■ **WHAT IS EXPECTED**
Transcribe the stretch of entries below from the line with "Foto 3 de Dr" through the line with "Regenerating muscle. Image", exactly and with both ends included; leave out all other lines.

── THE RECORDS

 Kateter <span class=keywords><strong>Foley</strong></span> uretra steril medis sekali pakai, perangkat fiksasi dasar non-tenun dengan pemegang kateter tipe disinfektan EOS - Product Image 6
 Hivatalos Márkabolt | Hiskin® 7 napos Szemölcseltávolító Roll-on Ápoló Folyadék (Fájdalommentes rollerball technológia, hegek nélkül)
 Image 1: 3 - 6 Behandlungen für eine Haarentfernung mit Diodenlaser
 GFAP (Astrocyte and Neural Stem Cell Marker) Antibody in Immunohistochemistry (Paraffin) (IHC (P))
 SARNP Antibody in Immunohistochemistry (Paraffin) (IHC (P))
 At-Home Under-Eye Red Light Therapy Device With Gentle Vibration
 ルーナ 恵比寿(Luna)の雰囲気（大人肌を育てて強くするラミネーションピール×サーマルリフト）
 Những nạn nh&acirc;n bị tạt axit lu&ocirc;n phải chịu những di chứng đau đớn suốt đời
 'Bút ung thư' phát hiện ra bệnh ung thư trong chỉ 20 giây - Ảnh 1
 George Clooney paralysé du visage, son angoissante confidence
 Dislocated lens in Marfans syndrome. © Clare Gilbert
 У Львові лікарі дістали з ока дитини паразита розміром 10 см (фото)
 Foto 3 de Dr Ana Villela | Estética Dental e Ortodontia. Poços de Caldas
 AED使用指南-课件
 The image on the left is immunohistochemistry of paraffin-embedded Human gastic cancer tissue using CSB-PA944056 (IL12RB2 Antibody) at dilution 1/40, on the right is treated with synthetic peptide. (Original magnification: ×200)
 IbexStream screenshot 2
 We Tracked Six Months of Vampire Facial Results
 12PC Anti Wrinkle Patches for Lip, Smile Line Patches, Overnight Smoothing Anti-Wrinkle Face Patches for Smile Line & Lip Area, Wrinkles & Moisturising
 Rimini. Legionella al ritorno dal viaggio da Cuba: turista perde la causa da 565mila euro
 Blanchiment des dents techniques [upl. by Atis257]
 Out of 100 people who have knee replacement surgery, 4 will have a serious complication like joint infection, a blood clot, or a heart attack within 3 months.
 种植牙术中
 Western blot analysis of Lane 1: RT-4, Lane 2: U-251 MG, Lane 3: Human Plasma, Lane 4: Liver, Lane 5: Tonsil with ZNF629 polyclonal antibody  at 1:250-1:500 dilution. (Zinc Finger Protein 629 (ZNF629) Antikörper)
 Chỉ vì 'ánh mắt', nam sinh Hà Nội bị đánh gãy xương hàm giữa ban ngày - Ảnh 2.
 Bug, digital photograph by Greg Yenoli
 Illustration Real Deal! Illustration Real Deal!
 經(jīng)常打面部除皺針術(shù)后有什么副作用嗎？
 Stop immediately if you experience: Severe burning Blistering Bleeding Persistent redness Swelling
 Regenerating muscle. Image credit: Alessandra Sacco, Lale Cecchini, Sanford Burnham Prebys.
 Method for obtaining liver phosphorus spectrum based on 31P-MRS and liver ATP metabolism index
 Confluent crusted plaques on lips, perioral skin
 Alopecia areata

────

■ **SOLUTION TO THIS TASK**
 Foto 3 de Dr Ana Villela | Estética Dental e Ortodontia. Poços de Caldas
 AED使用指南-课件
 The image on the left is immunohistochemistry of paraffin-embedded Human gastic cancer tissue using CSB-PA944056 (IL12RB2 Antibody) at dilution 1/40, on the right is treated with synthetic peptide. (Original magnification: ×200)
 IbexStream screenshot 2
 We Tracked Six Months of Vampire Facial Results
 12PC Anti Wrinkle Patches for Lip, Smile Line Patches, Overnight Smoothing Anti-Wrinkle Face Patches for Smile Line & Lip Area, Wrinkles & Moisturising
 Rimini. Legionella al ritorno dal viaggio da Cuba: turista perde la causa da 565mila euro
 Blanchiment des dents techniques [upl. by Atis257]
 Out of 100 people who have knee replacement surgery, 4 will have a serious complication like joint infection, a blood clot, or a heart attack within 3 months.
 种植牙术中
 Western blot analysis of Lane 1: RT-4, Lane 2: U-251 MG, Lane 3: Human Plasma, Lane 4: Liver, Lane 5: Tonsil with ZNF629 polyclonal antibody  at 1:250-1:500 dilution. (Zinc Finger Protein 629 (ZNF629) Antikörper)
 Chỉ vì 'ánh mắt', nam sinh Hà Nội bị đánh gãy xương hàm giữa ban ngày - Ảnh 2.
 Bug, digital photograph by Greg Yenoli
 Illustration Real Deal! Illustration Real Deal!
 經(jīng)常打面部除皺針術(shù)后有什么副作用嗎？
 Stop immediately if you experience: Severe burning Blistering Bleeding Persistent redness Swelling
 Regenerating muscle. Image credit: Alessandra Sacco, Lale Cecchini, Sanford Burnham Prebys.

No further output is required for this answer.